- Your goal
Your answer should be the line containing "Kelebek buketi ayıcıklı ledli - Görsel 3" and each line after it through the end of the data below, repeated exactly.

- Records
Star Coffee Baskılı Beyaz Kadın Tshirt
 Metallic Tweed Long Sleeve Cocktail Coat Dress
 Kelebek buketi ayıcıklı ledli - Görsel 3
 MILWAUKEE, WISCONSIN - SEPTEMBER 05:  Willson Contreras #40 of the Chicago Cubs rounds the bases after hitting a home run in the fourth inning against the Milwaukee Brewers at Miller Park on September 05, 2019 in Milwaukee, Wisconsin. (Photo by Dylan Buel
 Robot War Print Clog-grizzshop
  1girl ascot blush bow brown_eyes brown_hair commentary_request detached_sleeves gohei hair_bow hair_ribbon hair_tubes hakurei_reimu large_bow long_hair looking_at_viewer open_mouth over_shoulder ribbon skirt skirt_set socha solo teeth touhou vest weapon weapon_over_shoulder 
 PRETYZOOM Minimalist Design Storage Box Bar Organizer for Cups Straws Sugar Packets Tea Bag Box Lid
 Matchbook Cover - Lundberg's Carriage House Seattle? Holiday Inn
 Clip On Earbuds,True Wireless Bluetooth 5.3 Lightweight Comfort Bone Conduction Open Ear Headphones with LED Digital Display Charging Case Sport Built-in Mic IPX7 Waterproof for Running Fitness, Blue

- Solution
 Kelebek buketi ayıcıklı ledli - Görsel 3
 MILWAUKEE, WISCONSIN - SEPTEMBER 05:  Willson Contreras #40 of the Chicago Cubs rounds the bases after hitting a home run in the fourth inning against the Milwaukee Brewers at Miller Park on September 05, 2019 in Milwaukee, Wisconsin. (Photo by Dylan Buel
 Robot War Print Clog-grizzshop
  1girl ascot blush bow brown_eyes brown_hair commentary_request detached_sleeves gohei hair_bow hair_ribbon hair_tubes hakurei_reimu large_bow long_hair looking_at_viewer open_mouth over_shoulder ribbon skirt skirt_set socha solo teeth touhou vest weapon weapon_over_shoulder 
 PRETYZOOM Minimalist Design Storage Box Bar Organizer for Cups Straws Sugar Packets Tea Bag Box Lid
 Matchbook Cover - Lundberg's Carriage House Seattle? Holiday Inn
 Clip On Earbuds,True Wireless Bluetooth 5.3 Lightweight Comfort Bone Conduction Open Ear Headphones with LED Digital Display Charging Case Sport Built-in Mic IPX7 Waterproof for Running Fitness, Blue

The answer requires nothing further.